A lunar calendar of 13 months would track 13 months regardless of the Spring Equinox. I didn't find "13 months" mentioned on the reference. What are you talking about?
 
  • #3
When I was a child, this was my favourite poem:

The Moon (1885)
Robert Louis Stevenson

The moon has a face like the clock in the hall;
She shines on thieves on the garden wall,
On streets and fields and harbour quays,
And birdies asleep in the forks of the trees.

The squalling cat and the squeaking mouse,
The howling dog by the door of the house,
The bat that lies in bed at noon,
All love to be out by the light of the moon.

But all of the things that belong to the day
Cuddle to sleep to be out of her way;
And flowers and children close their eyes
Till up in the morning the sun shall arise.
 
  • #4
@Helios - see this example:
http://adsabs.harvard.edu/pdf/1984JHAS...15...1C
Hopefully it will open correctly for you.
From the above discussing the Teton Sioux calendar this is partial screenshot:

Screenshot_2021-02-28 1984JHAS 15 1C - 1984JHAS 15 1C.png
 
  • #5
@Helios
The PF graphics engine bit me on this.

What you said was correct for the Western take on calendars.
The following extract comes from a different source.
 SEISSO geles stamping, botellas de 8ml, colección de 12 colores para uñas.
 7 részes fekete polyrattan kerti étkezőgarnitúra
The point I'm trying to make is that they truncated a month or whatever it took or they deemed necessary to get the year to work out. It was based on Full moons. So the calendar was dubbed "lunar" by Alfonso Ortiz who was a Native American anthropologist.

Try "indigenouspeople.net Alfonso Ortiz" to see some photos of him.
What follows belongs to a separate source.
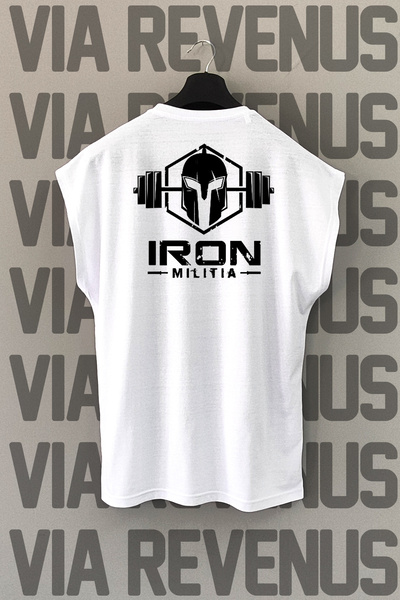 Vordevia Iron Milita Sırt cu imprimeu Sıra Zero Mâneci bumbac 100% Sport tricou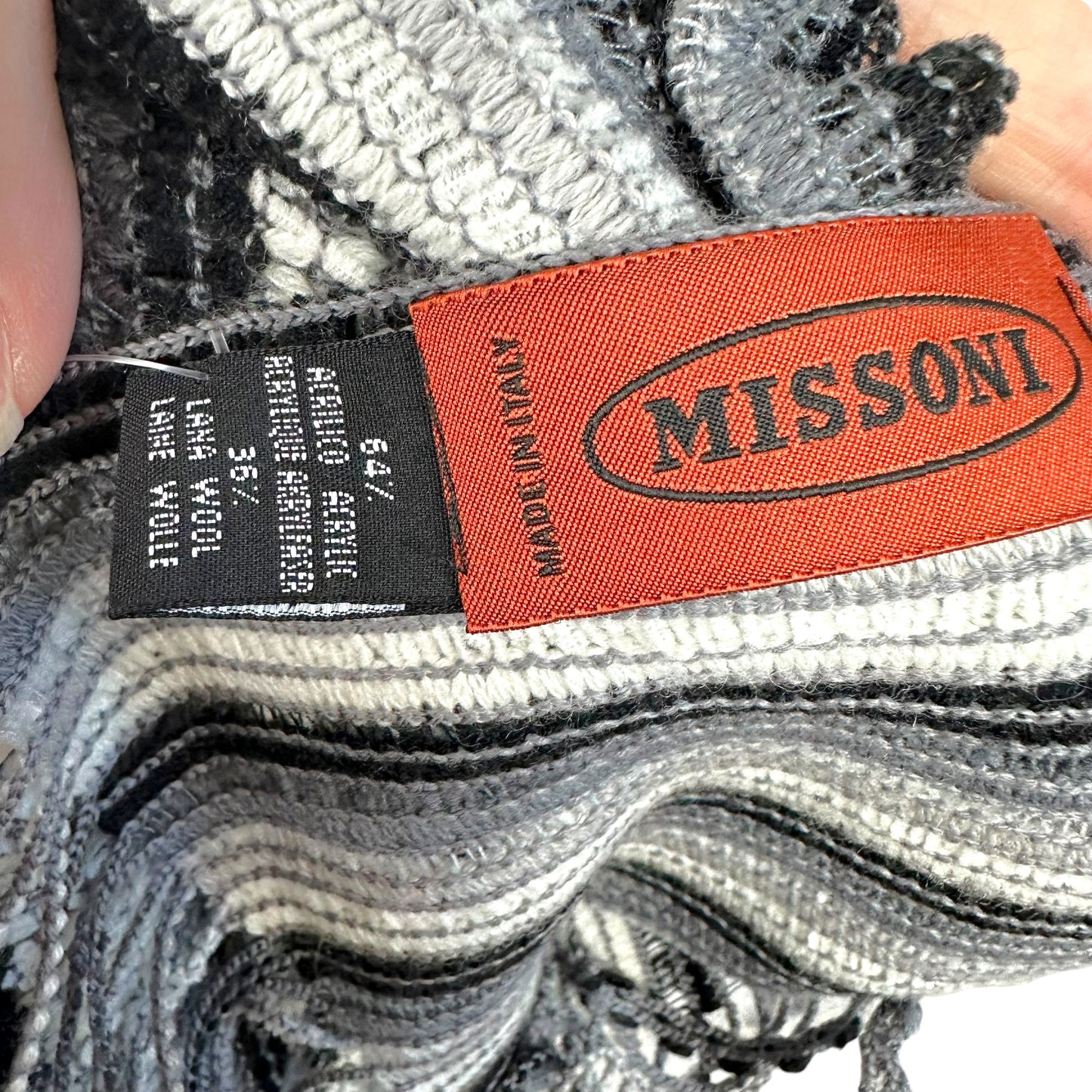 Missoni Black & White Knit Wool Blend Poncho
His definition. If you do not like it okay. Look at what I pasted. Teton Sioux calendar keeping in the post above.

I cannot find a link for the lunar "fix" I was talking about.
 
  • #6
Calendars that reckon the year by counting lunar months are called luni-solar. Calendars that reckon a fixed number of months are lunar calendars. It is more usual to say that a common year ( luni-solar ) has 12 months with leap months added than a 13 month year that is truncated, because the year equals about 12.368 months.
With a 12 month year, the moon moves 11 days earlier. I would guess that, with a spring equinox new year, that they watched for whether the 12th full moon occurred before the equinox, in order to add an extra month.